Local patriot John Boyle O’Reilly remembered 134 years after his death

 
By Sean Collins

Today, Saturday 10th August, 2024, marks the 134th anniversary of the death, at the age of 46, in Boston USA of the Fenian patriot and poet, local man John Boyle O’Reilly after whom both Boyle O’Reilly Terrace and O’Raghailligh’s GFC are named.  

At a meeting of Drogheda Corporation in March 1941, on the proposal of the then Mayor, Larry Walsh and seconded by Alderman Patrick Byrne, it was agreed that the 26 newly built houses at Gallows Lane would be named Boyle O’Reilly Terrace.

Mayor Walsh said O’Reilly was one of our greatest patriots, a poet, a native of nearby Dowth and a household name in Drogheda. The proposal was agreed unanimously.

His name was very much kept alive in the Drogheda area in the years since his passing by the late Peggy O’Reilly, and her husband Liam, Breeda Tuite, Sean O’ Greagoir, Seamas O’ Maitiu and Larry Grogan.

The Augustinian priest James Anderson, a native of Drogheda, visited O’Reilly in Boston before his untimely death in 1890 and unveiled the Boyle O’Reilly Memorial in Dowth Graveyard in 1903.

O’Reilly was born at Dowth Castle in 1844 where his Father David O’Reilly worked as a schoolteacher in the institute for widows and orphans established there by the Netterville family.

The John Boyle O’Reilly memorial at Dowth cemetery beside his birth place, Dowth Castle.

Educated by his father, the young O’Reilly at 11 years of age went to work at the Drogheda Argus on West Street, in the premises now occupied by Boyd’s Stores at 110-111 West Street.

O’Reilly moved to Preston in Lancashire in 1859 where he had an aunt and uncle to support him and went to work on the Preston Guardian newspaper but, in 1863, he returned to Ireland and joined the Huzzars, a British regiment based in Dundalk.

It is believed that it was at this time that O’Reilly first joined the Fenian movement. Although there is the suggestion that he first became influenced while working at the Drogheda Argus which would in the 1860s prove itself to be a hot bed of Fenianism.

At the behest of the Fenian leader John Devoy, O’Reilly began recruiting Irishmen in the army to join the Fenian Brotherhood. His activities were uncovered on the word of an informer and O’Reilly was convicted of treason imprisoned and later deported to Bunbury Prison in Australia for life.

He was transported aboard the “Hougomont”, the last ship to transport Fenian prisoners to Australia.

After two years  in prison O’Reilly managed, with the help of a Cavan priest, Fr. Eugene McCabe, to escape aboard an American whaling ship the ‘Gazelle’ first to England and then to Boston USA.

John Boyle O’Reilly at work in the office of the Boston Pilot.

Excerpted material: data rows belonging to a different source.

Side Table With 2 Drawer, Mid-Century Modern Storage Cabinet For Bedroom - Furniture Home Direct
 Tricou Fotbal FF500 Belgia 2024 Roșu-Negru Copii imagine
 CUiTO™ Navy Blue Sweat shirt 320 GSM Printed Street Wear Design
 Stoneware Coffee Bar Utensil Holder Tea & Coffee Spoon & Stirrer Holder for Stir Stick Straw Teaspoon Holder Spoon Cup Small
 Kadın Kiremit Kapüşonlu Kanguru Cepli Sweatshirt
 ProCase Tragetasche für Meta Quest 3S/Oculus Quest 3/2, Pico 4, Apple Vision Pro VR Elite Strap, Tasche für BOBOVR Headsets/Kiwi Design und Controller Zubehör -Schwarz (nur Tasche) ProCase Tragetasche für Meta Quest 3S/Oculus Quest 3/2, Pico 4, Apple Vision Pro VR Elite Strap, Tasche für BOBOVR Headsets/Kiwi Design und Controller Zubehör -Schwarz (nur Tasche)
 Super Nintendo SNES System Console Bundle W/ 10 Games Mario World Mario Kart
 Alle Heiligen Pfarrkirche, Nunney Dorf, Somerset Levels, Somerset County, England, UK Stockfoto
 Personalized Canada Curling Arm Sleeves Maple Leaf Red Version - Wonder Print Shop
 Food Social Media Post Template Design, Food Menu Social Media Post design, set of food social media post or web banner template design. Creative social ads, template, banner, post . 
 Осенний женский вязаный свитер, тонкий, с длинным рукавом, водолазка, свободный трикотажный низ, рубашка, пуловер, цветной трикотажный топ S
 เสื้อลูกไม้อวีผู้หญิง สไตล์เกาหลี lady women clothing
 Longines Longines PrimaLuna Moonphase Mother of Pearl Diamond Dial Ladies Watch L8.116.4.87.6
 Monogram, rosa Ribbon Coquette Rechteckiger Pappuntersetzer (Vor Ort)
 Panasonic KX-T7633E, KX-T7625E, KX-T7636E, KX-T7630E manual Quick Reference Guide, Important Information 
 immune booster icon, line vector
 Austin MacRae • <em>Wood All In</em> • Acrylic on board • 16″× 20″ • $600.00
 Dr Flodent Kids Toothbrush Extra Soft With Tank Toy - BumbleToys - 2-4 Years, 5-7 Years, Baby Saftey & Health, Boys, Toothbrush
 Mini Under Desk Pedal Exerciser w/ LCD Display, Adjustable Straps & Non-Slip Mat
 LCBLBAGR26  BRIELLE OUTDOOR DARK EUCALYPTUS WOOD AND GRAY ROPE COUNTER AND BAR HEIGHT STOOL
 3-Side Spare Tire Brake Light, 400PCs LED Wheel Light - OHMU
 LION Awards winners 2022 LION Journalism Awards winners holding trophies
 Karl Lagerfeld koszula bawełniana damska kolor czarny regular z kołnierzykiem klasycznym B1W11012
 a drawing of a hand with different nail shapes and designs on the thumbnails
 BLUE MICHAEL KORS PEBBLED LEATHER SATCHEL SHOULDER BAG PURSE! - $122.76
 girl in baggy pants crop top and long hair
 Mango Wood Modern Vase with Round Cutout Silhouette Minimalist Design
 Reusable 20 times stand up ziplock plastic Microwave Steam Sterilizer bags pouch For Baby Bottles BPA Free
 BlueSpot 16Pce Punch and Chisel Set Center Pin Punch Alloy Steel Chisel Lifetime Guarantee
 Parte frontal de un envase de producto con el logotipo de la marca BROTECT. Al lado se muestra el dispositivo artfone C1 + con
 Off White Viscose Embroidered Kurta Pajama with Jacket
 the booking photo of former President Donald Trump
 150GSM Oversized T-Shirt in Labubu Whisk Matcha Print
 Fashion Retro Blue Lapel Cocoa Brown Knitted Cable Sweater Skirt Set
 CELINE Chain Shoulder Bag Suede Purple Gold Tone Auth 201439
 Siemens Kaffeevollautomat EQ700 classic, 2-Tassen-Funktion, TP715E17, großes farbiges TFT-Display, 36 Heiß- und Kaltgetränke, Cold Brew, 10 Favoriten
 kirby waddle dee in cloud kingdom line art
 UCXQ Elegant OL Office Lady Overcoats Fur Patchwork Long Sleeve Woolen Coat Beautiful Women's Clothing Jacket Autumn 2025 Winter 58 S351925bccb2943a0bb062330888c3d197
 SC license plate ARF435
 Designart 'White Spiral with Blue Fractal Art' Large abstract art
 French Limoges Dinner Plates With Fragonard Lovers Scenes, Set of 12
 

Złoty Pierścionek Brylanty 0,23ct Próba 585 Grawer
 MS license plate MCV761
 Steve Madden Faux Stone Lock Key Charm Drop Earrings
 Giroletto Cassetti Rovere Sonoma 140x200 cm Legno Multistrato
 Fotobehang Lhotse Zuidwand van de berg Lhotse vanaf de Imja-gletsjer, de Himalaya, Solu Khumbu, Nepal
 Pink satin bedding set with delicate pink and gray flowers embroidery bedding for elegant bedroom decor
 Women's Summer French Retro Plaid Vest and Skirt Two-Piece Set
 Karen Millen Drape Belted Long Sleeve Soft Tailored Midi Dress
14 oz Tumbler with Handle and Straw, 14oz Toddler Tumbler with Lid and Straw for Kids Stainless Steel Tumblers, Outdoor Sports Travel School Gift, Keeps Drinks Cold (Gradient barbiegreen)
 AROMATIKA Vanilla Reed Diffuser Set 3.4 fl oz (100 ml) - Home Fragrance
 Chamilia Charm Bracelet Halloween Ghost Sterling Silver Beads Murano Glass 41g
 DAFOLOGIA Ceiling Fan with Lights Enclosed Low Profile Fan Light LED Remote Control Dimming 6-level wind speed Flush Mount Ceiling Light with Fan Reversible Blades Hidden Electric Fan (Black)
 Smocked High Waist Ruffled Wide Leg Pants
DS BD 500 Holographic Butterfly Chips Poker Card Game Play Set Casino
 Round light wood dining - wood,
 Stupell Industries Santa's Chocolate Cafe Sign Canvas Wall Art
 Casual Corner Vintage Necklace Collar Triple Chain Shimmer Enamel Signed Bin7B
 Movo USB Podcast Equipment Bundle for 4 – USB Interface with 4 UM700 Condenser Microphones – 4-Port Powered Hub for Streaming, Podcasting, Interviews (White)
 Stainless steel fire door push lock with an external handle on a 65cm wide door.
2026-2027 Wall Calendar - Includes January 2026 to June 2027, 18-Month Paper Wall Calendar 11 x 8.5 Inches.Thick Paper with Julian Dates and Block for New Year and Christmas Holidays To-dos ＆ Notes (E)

In Boston O’Reilly continued to support the Fenian cause and reported on the Fenian Raids into Canada. In 1870 he joined the staff of the Boston Pilot, the most important Irish-American newspaper of the time.

He later became editor and subsequently owner of the Boston Pilot.

Parallel with his journalistic career he had collections of poetry and other literary works published. He helped John Devoy with the planning of the Catalpa Rescue, liberating the last Fenian prisoners from Australia.

The O’Raghallaigh’s GFC is named after John Boyle O’Reilly.